Take Action and Manage Your Debts!

Dec 04

I used to struggle managing my money. It requires fingers from both hands – and probably my toes as well – to count the number of financial crises I’ve found myself in. I’ve missed payments of rent, my credit cards, had to pawn jewellery for some quick cash, have tried payday loans – even had a prepayment electricity meter installed in one property a number of years ago because I’d been so bad at managing my energy accounts.

Now I’m back on track and have a pretty solid grip of my accounts and budgeting, but my past experiences are part of the reason why I started this blog – to offer tips and advice to others who’ve found themselves struggling to manage money.

So trust me when I say I’ve been there and know how scary it can be facing financial ruin.

money worries

This article will explore the options available for anyone unlucky enough to find themself in a pretty ropy situation financially – especially hard at this time of year.

Face the Truth and Prioritise Your Debts

It can be hard, but you need to make a list of everything you owe and make contact with the people you owe the money to and see what payment plans they can offer you. It’s also worth making a list of the most important debts (and by that I mean the ones you can wind up in prison for not paying, or can result in you losing your home) and get these paid off first, over the ones that won’t result in prison or the loss of your home. An example of a few debts that you should prioritise include: your mortgage; income tax or VAT arrears; TV licence; court fines; council tax arrears.

Debt Relief Order (England and Wales)

Anyone can apply for a debt relief order, but you have to meet certain criteria to prove you genuinely cannot afford to pay back your debts. If your application is successful it means the people you owe money to can’t try to recover it from you without the court’s permission, and debts are usually cancelled after 12 months.

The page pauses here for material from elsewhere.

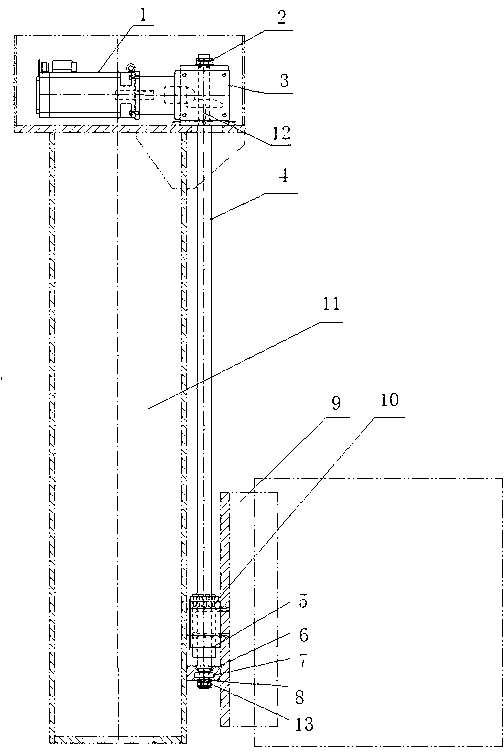 High-speed feeding transmission mechanism for ram type milling head for numerical control machine tool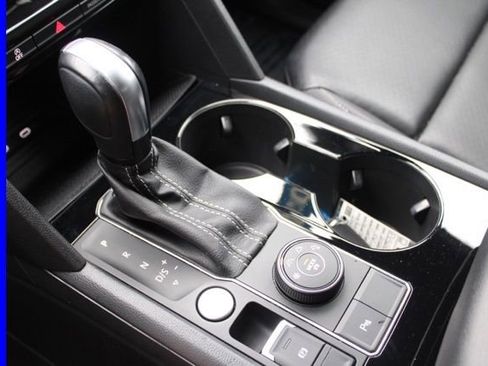 Used 2022 Volkswagen Atlas Cross Sport SE w/ Panoramic Sunroof Package image 45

This does sound a little too good to be true for most people, and it is, as a debt relief order is only offered in extreme circumstances. For example, you have to prove you have less than £50 spare income each month, and that you have less than £300 in assets.

You also have to have lived or worked in England or Wales within the last 3 years, so that may rule out many Scottish residents of the UK.

Trust Deeds and Sequestration (Scotland)

A trust deed is available for anyone really struggling to clear their debts, and allows you to write off a large portion of it and instead make affordable monthly repayments, meaning you could be debt free within a few years. There are certain criteria you need to prove to qualify for a trust deed, and you need to apply via a trusted and reputable debt management company, such as Scotland’s Trust Deed.

Sequestration (or bankruptcy as it’s perhaps better known) is an option for Scottish residents, and is available for those who are unable to pay off debts they can’t afford. Like with the DRO available in England and Wales, a successful application would mean any requests for repayments or interest on your debts will be stopped. However, it also means you have to give up any assets you own, and often these are sold and the money given to the people you owe money to.  If you have a job, you may be required to make monthly payments to help clear the debt. Sequestration normally lasts for a period of 12 months, and after this time the debts are cancelled.

There are numerous advantages and disadvantages to sequestration, and it’s definitely worth seeking further advice and for a reputable debt management company before you make the decision to apply.